# How to complete this task:
Omit the pictures, but give back every entry below exactly as written.

# Data for this exercise:
□ □ □ □

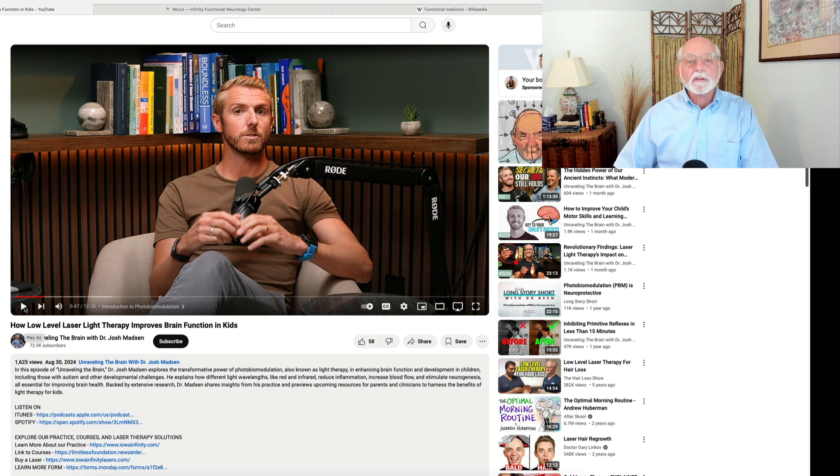Actually, Josh, no, it's not. It was discovered in 1967. So let's put it at about a little over 50 years, maybe. And it was discovered by accident by a Hungarian physician who was testing light on damaged cells — I think that has something to do with cancer. But be that as it may, let's see what else he has to say.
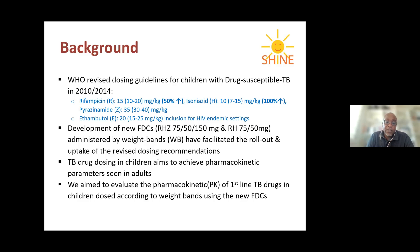TB dosing in children aims to achieve pharmacokinetic parameters seen in adults, because we want to achieve serum drug concentrations associated with mycobacterial killing and treatment outcomes. The assumption is that if children achieve serum drug concentrations similar to adults, their treatment is effective. In this pharmacokinetic study, we aimed to evaluate the PK profile for first-line TB drugs in children dosed according to WHO recommendations using the new fixed-dose combination drugs.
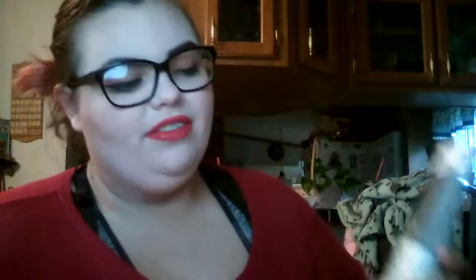Next is from Aveda — it's the Aveda Damaged Remedy Daily Hair Repair, which retails for $30. It's infused with quinoa protein, macadamia oil, and soy, and it instantly repairs and protects your hair from heat styling up to 450 degrees. I'm definitely excited to try that.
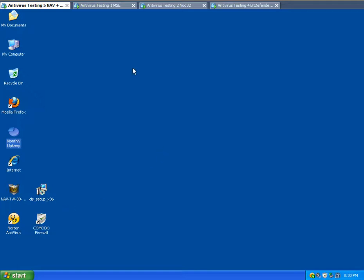Hello, today I'm going to be testing Norton Antivirus with Komodo Firewall versus Microsoft Security Essentials versus Nod32 versus Bitdefender Internet Security 2010.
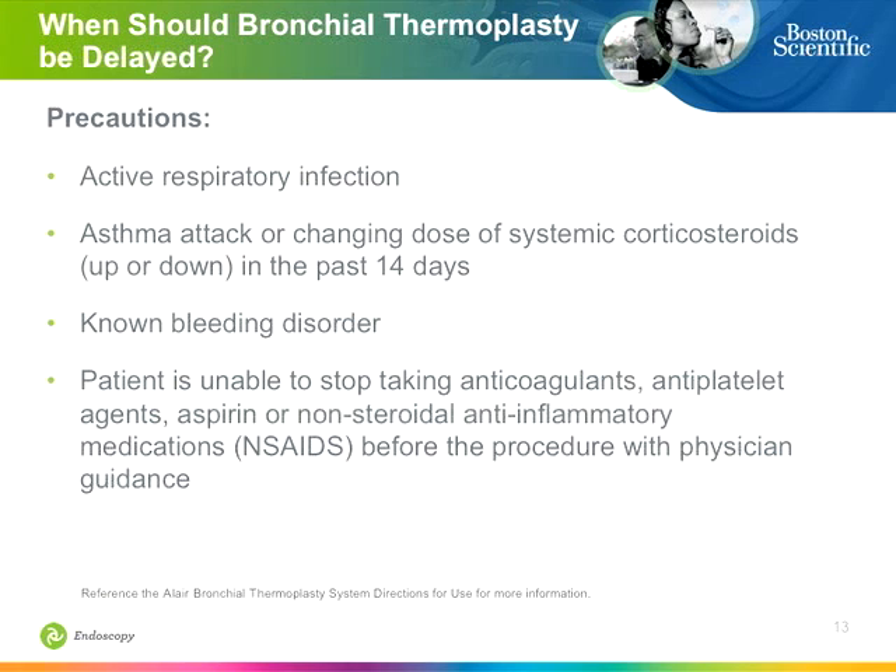You also shouldn't perform bronchoscopy on someone with an active infection. Patients should not have an active infection or active exacerbation — they should be stable. Make sure they are not on antibiotics, not coughing up yellow sputum, do not have a fever, and are not in the middle of an asthma attack. Treatments need to be delayed if necessary.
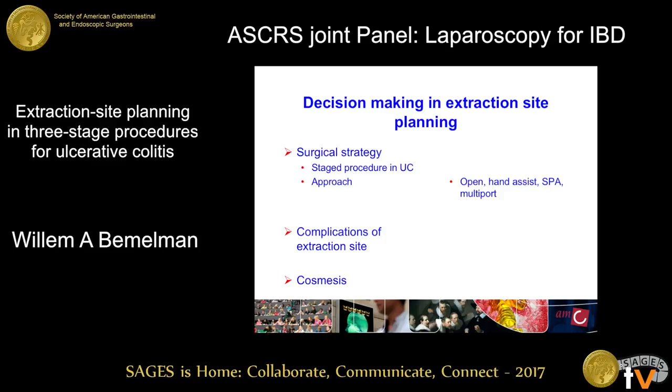And then, of course, we have the approach — open, hand assist, single port, or multi-port. Other factors that could be important are the complications of the extraction site, and we should take that into account, and of course the cosmesis, because these are young patients.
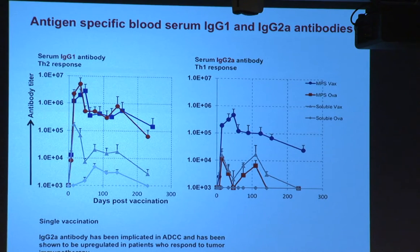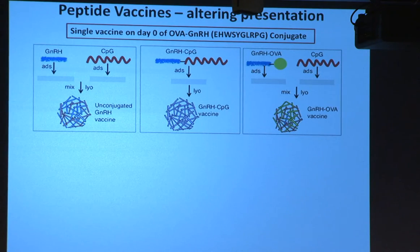Using ovalbumin as the model antigen loaded onto the system, they generated quite high antibody titers. Soluble vaccination gives a poor response, but MPS without CPG or the complete vaccine gives very high IgG1 titers; high IgG2A titers only appear when the adjuvant CPG is present. They've also shown similar results with long peptides. We've now been extending this to see if we could use even very small peptides - in particular, GnRH, a sex hormone that controls reproduction, as a model antigen - to see whether we can generate potent responses against this kind of target and demonstrate broad utility of the system.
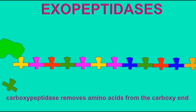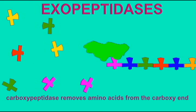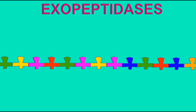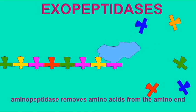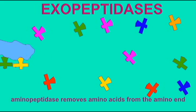Proteins are composed of long chains of amino acids. Enzymes known as exopeptidases can snip amino acids off from the ends, no matter what amino acid they are. Carboxypeptidase can remove amino acids one at a time from the carboxy end of a protein, while aminopeptidase can remove amino acids one at a time from the amino end of a protein. If a protein is long, however, this could take a bit of time.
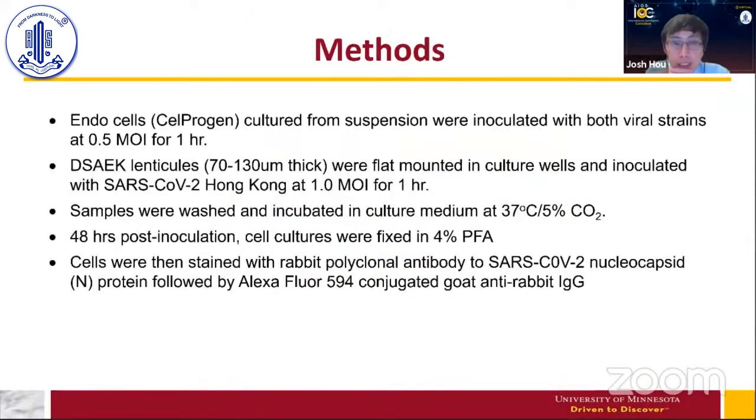Next, we wanted to look at the infection of actual endothelial cells in two ways: endothelial cell cultures, and infection of endothelial cells on actual DSAEK lenticules. The endothelial cells were cultured from commercially obtained cells and inoculated with virus at 0.5 MOI for an hour. We also took DSAEK lenticules, flat-mounted them in culture wells, and inoculated at 1.0 MOI for an hour. We used the Hong Kong strain for these studies because it was more infective in our previous studies. Samples were washed and incubated at 37°C with 5% CO₂.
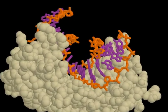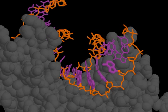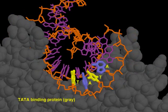Eukaryotic transcription begins when RNA polymerase 2 binds to the promoter region of a gene. A crucial part of this initiation process is the recognition and binding of the TATA sequence, a short stretch of DNA rich in thymine and adenine nucleotides. The subunit of RNA polymerase 2 that binds to the TATA sequence is called the TATA binding protein.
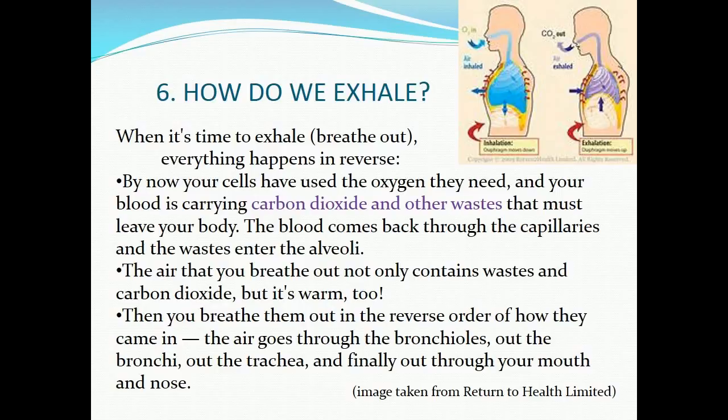Part six: how do we exhale? When it's time to exhale, everything happens in reverse. Your cells have used the oxygen they need, and your blood is carrying carbon dioxide and other wastes that must leave your body. The blood comes back through the capillaries and the wastes enter the alveoli. The air you breathe out contains wastes, carbon dioxide, and warmth. The air goes through the bronchioles, out the bronchi, out the trachea, and finally out through your mouth and nose.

□ □ □ □

# Exercise result:
Actually, Josh, no, it's not. It was discovered in 1967. So let's put it at about a little over 50 years, maybe. And it was discovered by accident by a Hungarian physician who was testing light on damaged cells — I think that has something to do with cancer. But be that as it may, let's see what else he has to say.
TB dosing in children aims to achieve pharmacokinetic parameters seen in adults, because we want to achieve serum drug concentrations associated with mycobacterial killing and treatment outcomes. The assumption is that if children achieve serum drug concentrations similar to adults, their treatment is effective. In this pharmacokinetic study, we aimed to evaluate the PK profile for first-line TB drugs in children dosed according to WHO recommendations using the new fixed-dose combination drugs.
Next is from Aveda — it's the Aveda Damaged Remedy Daily Hair Repair, which retails for $30. It's infused with quinoa protein, macadamia oil, and soy, and it instantly repairs and protects your hair from heat styling up to 450 degrees. I'm definitely excited to try that.
Hello, today I'm going to be testing Norton Antivirus with Komodo Firewall versus Microsoft Security Essentials versus Nod32 versus Bitdefender Internet Security 2010.
You also shouldn't perform bronchoscopy on someone with an active infection. Patients should not have an active infection or active exacerbation — they should be stable. Make sure they are not on antibiotics, not coughing up yellow sputum, do not have a fever, and are not in the middle of an asthma attack. Treatments need to be delayed if necessary.
And then, of course, we have the approach — open, hand assist, single port, or multi-port. Other factors that could be important are the complications of the extraction site, and we should take that into account, and of course the cosmesis, because these are young patients.
Using ovalbumin as the model antigen loaded onto the system, they generated quite high antibody titers. Soluble vaccination gives a poor response, but MPS without CPG or the complete vaccine gives very high IgG1 titers; high IgG2A titers only appear when the adjuvant CPG is present. They've also shown similar results with long peptides. We've now been extending this to see if we could use even very small peptides - in particular, GnRH, a sex hormone that controls reproduction, as a model antigen - to see whether we can generate potent responses against this kind of target and demonstrate broad utility of the system.
Proteins are composed of long chains of amino acids. Enzymes known as exopeptidases can snip amino acids off from the ends, no matter what amino acid they are. Carboxypeptidase can remove amino acids one at a time from the carboxy end of a protein, while aminopeptidase can remove amino acids one at a time from the amino end of a protein. If a protein is long, however, this could take a bit of time.
Next, we wanted to look at the infection of actual endothelial cells in two ways: endothelial cell cultures, and infection of endothelial cells on actual DSAEK lenticules. The endothelial cells were cultured from commercially obtained cells and inoculated with virus at 0.5 MOI for an hour. We also took DSAEK lenticules, flat-mounted them in culture wells, and inoculated at 1.0 MOI for an hour. We used the Hong Kong strain for these studies because it was more infective in our previous studies. Samples were washed and incubated at 37°C with 5% CO₂.
Eukaryotic transcription begins when RNA polymerase 2 binds to the promoter region of a gene. A crucial part of this initiation process is the recognition and binding of the TATA sequence, a short stretch of DNA rich in thymine and adenine nucleotides. The subunit of RNA polymerase 2 that binds to the TATA sequence is called the TATA binding protein.
Part six: how do we exhale? When it's time to exhale, everything happens in reverse. Your cells have used the oxygen they need, and your blood is carrying carbon dioxide and other wastes that must leave your body. The blood comes back through the capillaries and the wastes enter the alveoli. The air you breathe out contains wastes, carbon dioxide, and warmth. The air goes through the bronchioles, out the bronchi, out the trachea, and finally out through your mouth and nose.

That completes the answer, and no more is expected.